The estimated $600 million to $700 million Latin American market for printing ink is expected to expand by a healthy 3 percent this year as the industry struggles to upgrade and standardize technology, industry executives say.
“The challenge is not growing the business; it’s keeping it profitable,” said Ursula Stevens, a corporate vice president for Sun Chemical Latin America, in Fort Lee, NJ.
“For ink makers, acquisitions have been the name of the game. But there is too much consolidation going on in the industry. Companies that have been acquired have financial problems and excess capacity,” said Ms. Stevens. “If a client isn’t profitable, then we aren’t, so we need to partner with them and guarantee that when we’re done with them, they’ll be profitable.
“We’ll have a couple more years of mergers and acquisitions before the market stabilizes,” she added.
As larger domestic and multinational printers acquire smaller companies, new equipment is being installed to raise the standard of the acquired operations. The resulting challenge is to train the operators of the new machinery to reach internationally-recognized quality standards, Ms. Stevens noted.
“Our people have more technical background than marketing background. If you can get the product accepted on a technical level, it’s sold,” she said.
Penetration of new markets in Latin America also appears to be more a task for technical consultants than for manufacturing and sales pioneers. “Our focus is on post-sales customer service. That's why we have technical support people in every country,” said Dominique Marchand, the director of marketing for Flint Ink Latin America, in Buenos Aires.
“For example, while we have no production plant in Peru, we have technical support specialists available 24 hours a day 7 days a week,” she said.
Potential for Growth
As Argentina and Venezuela move toward stability and the other large economies in the region continue to recover from the effects of the U.S. recession, the printing ink market should be poised for even stronger growth in 2003.

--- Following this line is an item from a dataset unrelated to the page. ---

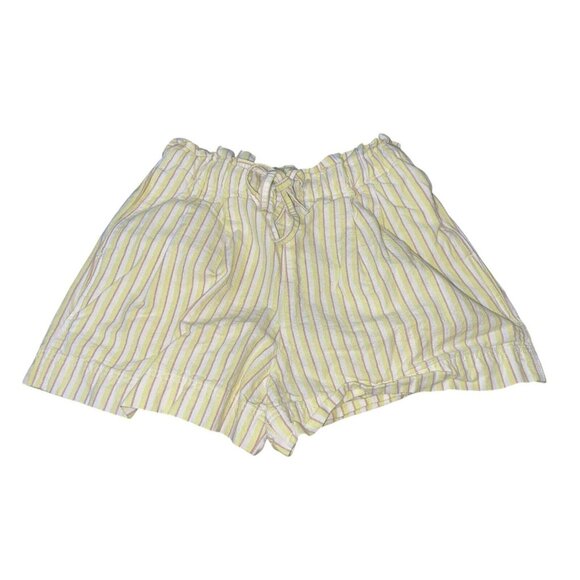 UNIQLO Women's Size XS Striped Cotton Linen Blend Shorts READ - Picture 3 of 9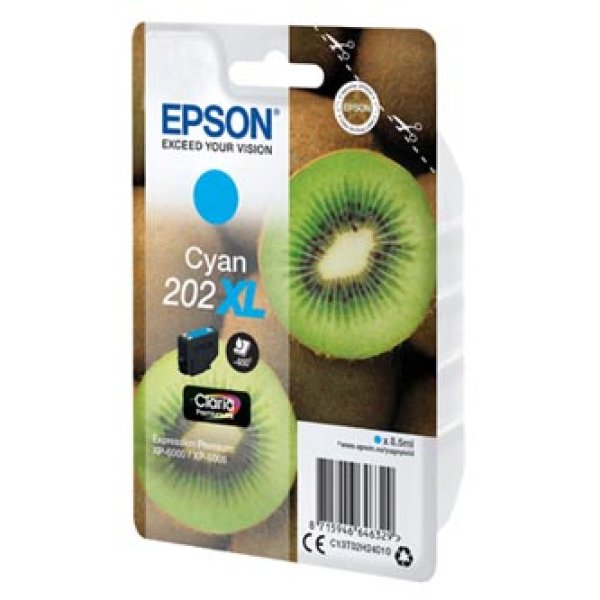 Náplň EPSON C13T02H24010, 202XL azurová (8,5 ml)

“We’re hoping for 5 percent growth for the coming year,” said Ms. Marchand. Overall, the ink industry generally follows the rise in gross domestic product in Latin America by a lag of about nine months, suggested Ms. Stevens.
Major ink manufacturers are seeking to replace imported product sales in Latin America with domestically-produced ink sales, which should improve the region’s global competitiveness in printing, the ink executives say.

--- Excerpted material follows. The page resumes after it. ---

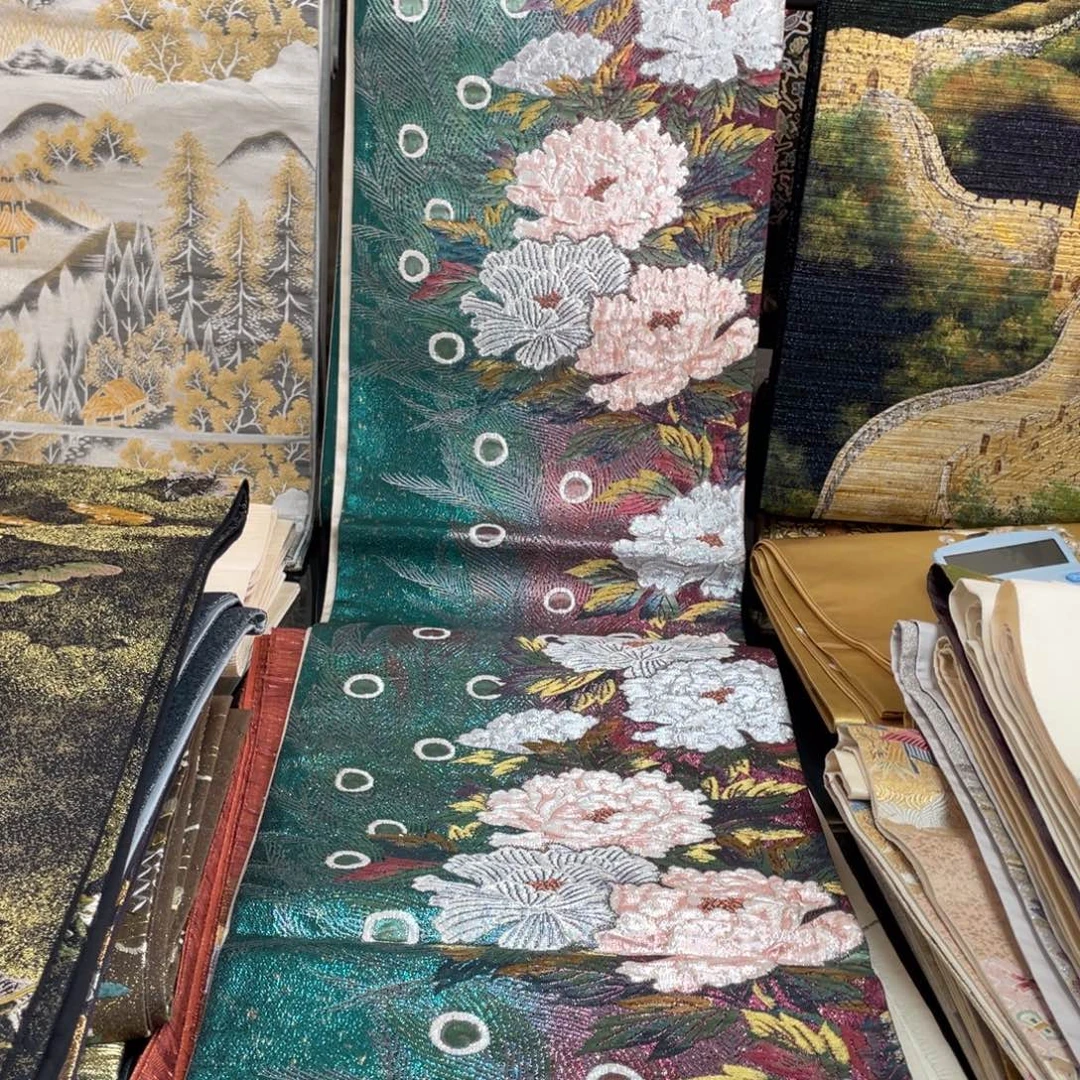 织绣唐锦桑蚕丝正绢面料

“The challenge in years to come is lowering the cost of production, so we may make investments to expand our business locally,” said Ms.Marchand.
Among segments of the industry in which consumption is growing fastest are flexographic printing, commercial printing – primarily magazines, and sheetfed printing, which are all expected to demonstrate high single-digit expansion this year.
Among major players in Latin America, Flint Ink claims a sizeable percent of the market. “We are now one of the top suppliers in South America.” said Ms. Marchand.
Sun claims position as the largest vendor in the region: “We have more than a one-third market share,” said Ms. Stevens. And BASF frequently figures as one of the top three players. Smaller players in the overall Latin American market include Tintas Sanchez, Cromos and Tupahue.
Within solvent liquids, other major players include SICPA. In water-based liquids, Luminar and Orema also are market contenders. Seller and Printcor also compete in the sheetfed market. US Ink is a notable player in the coldset segment. And Delcor and Supercor are active in the heatset segment, as well.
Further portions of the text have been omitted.